For a village in Sehwan, new ‘pul’ ends a partition

The IRC helps villagers build a bridge over a canal they had to swim across.


Saba Imtiaz August 04, 2012

SEHWAN:


For the residents of Jogi Khan Rind village in Sehwan, their new bridge isn’t just a walkway or an accomplishment listed in a PowerPoint presentation. It represents security, an efficient travel route, security and access to basic needs such as health and education.


On Saturday morning, people gathered to look at the new ‘pul’ over a canal in this village in Sehwan’s UC Channa, built by the Indus Resource Centre (IRC). The IRC has quite literally bridged a gap that existed in Jogi Khan Rind, as there was no proper way to cross over the waterway. People either teetered over a mud walkthrough, or had to go around and cross several other villages just to be able to access the Sehwan-Dadu main road.

“This is a work of sawaab,” said Gul Hassan. “Before, people would have to tie a clay pot to their stomachs and swim across. It was very difficult to transport people to the hospital, or to take the dead to the graveyard, which is on the other side of the canal.”

Other locals said there were problems with security, including enmities with residents of the villages they had to cross to make their way to the main road.

Farzana Buriro, IRC’s district coordinator for Jamshoro, said the need for the bridge had been identified when the organisation began working in the district during the 2010 floods. “Water flows from Manchar into the Danestar canal, and then into the river. What happened during the floods is that there was flooding along the same route that people were using to escape,” Buriro told The Express Tribune.

Though IRC does not generally work on building bridges, the incessant demand compelled them to look into one. It took 25 working days to build the bridge, with 145 men who worked as a cash-for-work unskilled labour, and 50 men as skilled labour. The bridge cost Rs699,753. Mohammad Aslam said the old route was ‘full of problems’. “The bridge will cut down travel time from an hour to 30 minutes,” he said, as men standing nearby nodded in agreement.

“This will really help people,” another man piped up. Young children skipped over the new bridge, which the men of Jogi Khan Rind helped put together. It may not have the sheen of government-built bridges, but it serves a purpose that the government has not been able to adequately meet, though villagers said similar bridges are in the pipeline in other areas in Sehwan tehsil.

At 8am, men were spread out on the route to the bridge, holding Pakistan Peoples Party (PPP) flags and bags of flower petals to shower on the guest of honour at the event unveiling the bridge: Sindh Finance Minister Murad Ali Shah, the elected representative from the constituency.

In some ways, the trademarks of a big-shot politician visiting his constituency were present: Shah’s supporters chanted ‘Jiye Bhutto’, his police escort lifted themselves out the window to be captured by the waiting cameras, and Shah was in trademark politico garb, a white shalwar kameez.
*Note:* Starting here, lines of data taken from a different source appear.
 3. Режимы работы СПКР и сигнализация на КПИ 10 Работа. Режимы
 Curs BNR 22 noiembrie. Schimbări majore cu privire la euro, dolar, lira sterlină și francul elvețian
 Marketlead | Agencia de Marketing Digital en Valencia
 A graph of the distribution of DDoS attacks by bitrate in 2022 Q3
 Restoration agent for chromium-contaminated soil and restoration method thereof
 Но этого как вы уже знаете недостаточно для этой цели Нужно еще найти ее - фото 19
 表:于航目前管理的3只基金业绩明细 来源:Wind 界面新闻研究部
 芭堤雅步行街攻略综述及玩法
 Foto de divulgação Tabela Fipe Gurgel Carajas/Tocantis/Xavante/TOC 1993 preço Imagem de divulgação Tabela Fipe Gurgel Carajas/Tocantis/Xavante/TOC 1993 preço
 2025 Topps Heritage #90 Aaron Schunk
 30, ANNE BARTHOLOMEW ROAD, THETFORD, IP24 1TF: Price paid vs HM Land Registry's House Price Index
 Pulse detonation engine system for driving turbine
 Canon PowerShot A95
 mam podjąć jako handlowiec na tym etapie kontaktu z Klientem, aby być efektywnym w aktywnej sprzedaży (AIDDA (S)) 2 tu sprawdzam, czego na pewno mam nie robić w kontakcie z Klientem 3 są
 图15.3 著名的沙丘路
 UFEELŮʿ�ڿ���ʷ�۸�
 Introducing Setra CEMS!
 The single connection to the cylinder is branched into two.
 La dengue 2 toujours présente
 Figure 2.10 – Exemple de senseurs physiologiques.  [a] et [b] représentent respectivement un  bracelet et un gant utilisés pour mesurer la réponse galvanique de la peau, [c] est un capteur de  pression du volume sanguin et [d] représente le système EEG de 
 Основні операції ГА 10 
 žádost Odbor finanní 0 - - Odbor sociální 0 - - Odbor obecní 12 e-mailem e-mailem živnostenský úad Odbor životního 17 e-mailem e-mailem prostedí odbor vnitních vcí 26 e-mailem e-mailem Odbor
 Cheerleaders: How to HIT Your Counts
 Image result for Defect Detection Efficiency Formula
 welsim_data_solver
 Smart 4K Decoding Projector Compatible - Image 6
But in perhaps a sign of how constituencies across Sindh have been changing, the event was uncharacteristically held on time. Some men pointed to the empty chairs prior to his arrival, noting that perhaps some of their friends hadn’t shown up because “ministers only arrive at 11 am or noon!”

On the event’s agenda was also a tableau by students from the IRC’s House of Learning school in Khanote. And the production was a biting indictment of the problems plaguing Sindh - forced marriages, unemployment, lack of water and education. The more thin-skinned of politicos might have chafed at the themes but they resonated with the audience, who loudly cheered along when the young female actors mentioned water. Shah, accompanied by PPP’s Sindh General Secretary Taj Haider, echoed many of the talking points the PPP leadership has had over the past couple of years: Sindh was deluged, we did step up to help, there were mistakes made but there has also been progress, as evidenced by the development work being done in the area. But even though Shah enjoys support in Sehwan and the PPP slogans still ring loud, his constituents turned his speech into a Q&A session: what of water, they asked? He promised that at the very least, he would get started on providing drinking water as soon as possible. Shah – as he does in his speeches in the Sindh Assembly - seemed in touch with the issues of his area, even if finances aren’t always flowing in to resolve them.

The PPP’s loyalist jiyalas are often stereotyped as following the party blindly or voting for the ghosts of Zulfikar Ali and Benazir Bhutto, but the jiyalas at the IRC event know how to channel their loyalty into legitimate demands.

While Shah criticised some non-governmental organisations for turning the “suffering of people into a business” he appreciated the IRC for its work in Sindh in the past couple of years, as well as building the bridge. “The government cannot go through such disasters alone,” he said.

IRC’s Executive Director Sadiqa Salahuddin also highlighted how they had made the process of building the bridge as transparent and accountable as possible by putting up posters in the area asking people to contact them if any IRC staff member asked them for money. Residents, she said, were always welcome to register a complaint.

Published in The Express Tribune, August 5th, 2012.